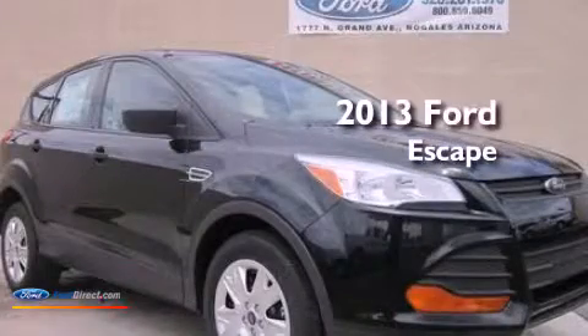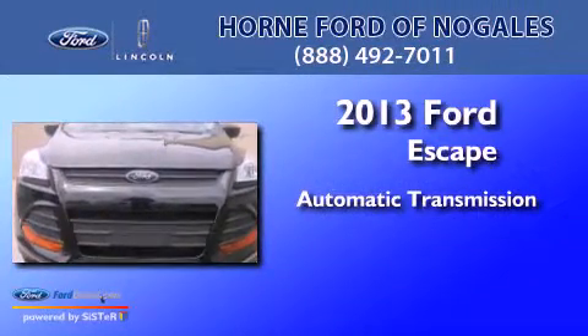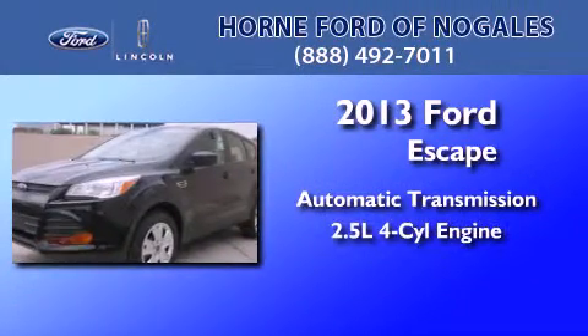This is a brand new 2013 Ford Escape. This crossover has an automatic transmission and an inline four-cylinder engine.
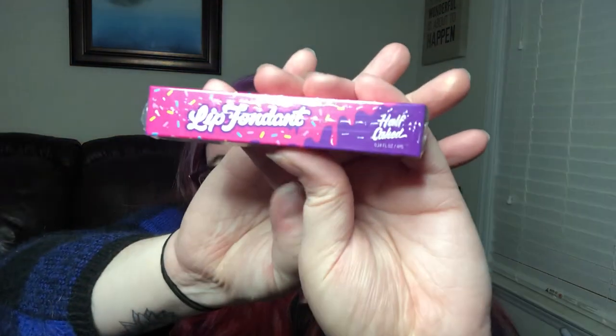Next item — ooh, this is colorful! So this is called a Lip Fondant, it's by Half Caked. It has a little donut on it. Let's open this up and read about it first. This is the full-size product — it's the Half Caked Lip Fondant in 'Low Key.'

==

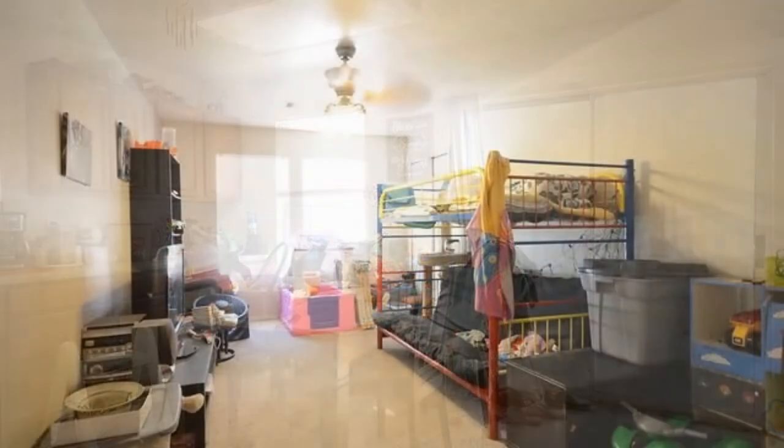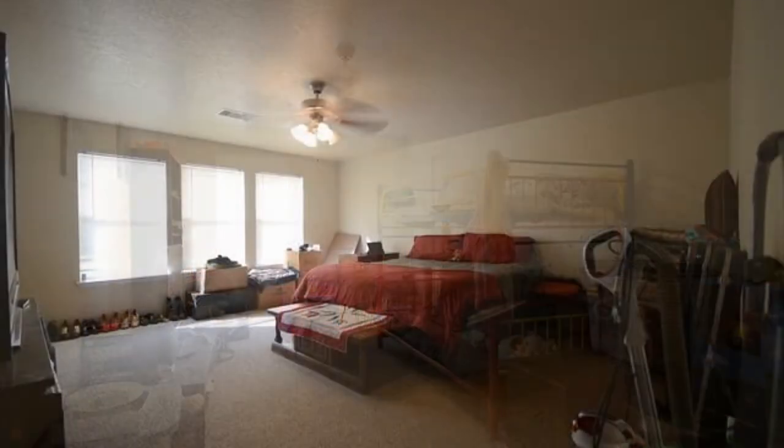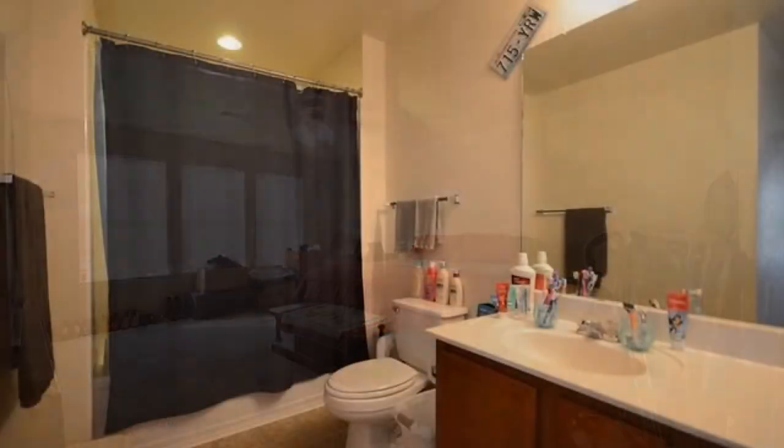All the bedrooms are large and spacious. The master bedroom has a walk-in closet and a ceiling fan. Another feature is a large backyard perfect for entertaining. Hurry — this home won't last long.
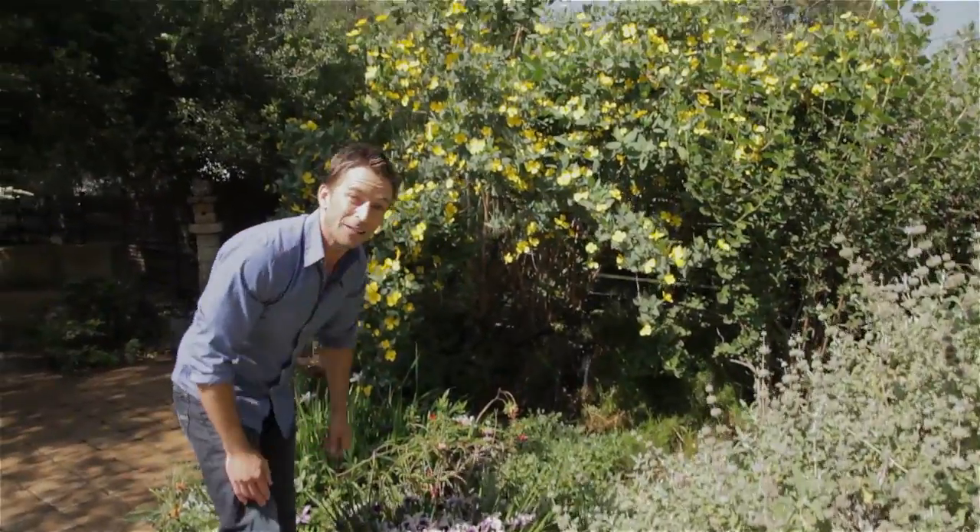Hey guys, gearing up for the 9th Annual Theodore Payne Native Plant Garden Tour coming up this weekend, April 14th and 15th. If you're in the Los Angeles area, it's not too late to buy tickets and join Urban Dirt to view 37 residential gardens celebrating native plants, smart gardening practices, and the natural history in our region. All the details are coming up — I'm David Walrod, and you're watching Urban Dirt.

■ Exercise requirements ■
Above is the material; set down exactly its lines from the one containing "All the bedrooms" down to the one containing "Hey guys, gearing", both included, leaving out any pictures.

■ Solution to the problem ■
All the bedrooms are large and spacious. The master bedroom has a walk-in closet and a ceiling fan. Another feature is a large backyard perfect for entertaining. Hurry — this home won't last long.
Hey guys, gearing up for the 9th Annual Theodore Payne Native Plant Garden Tour coming up this weekend, April 14th and 15th. If you're in the Los Angeles area, it's not too late to buy tickets and join Urban Dirt to view 37 residential gardens celebrating native plants, smart gardening practices, and the natural history in our region. All the details are coming up — I'm David Walrod, and you're watching Urban Dirt.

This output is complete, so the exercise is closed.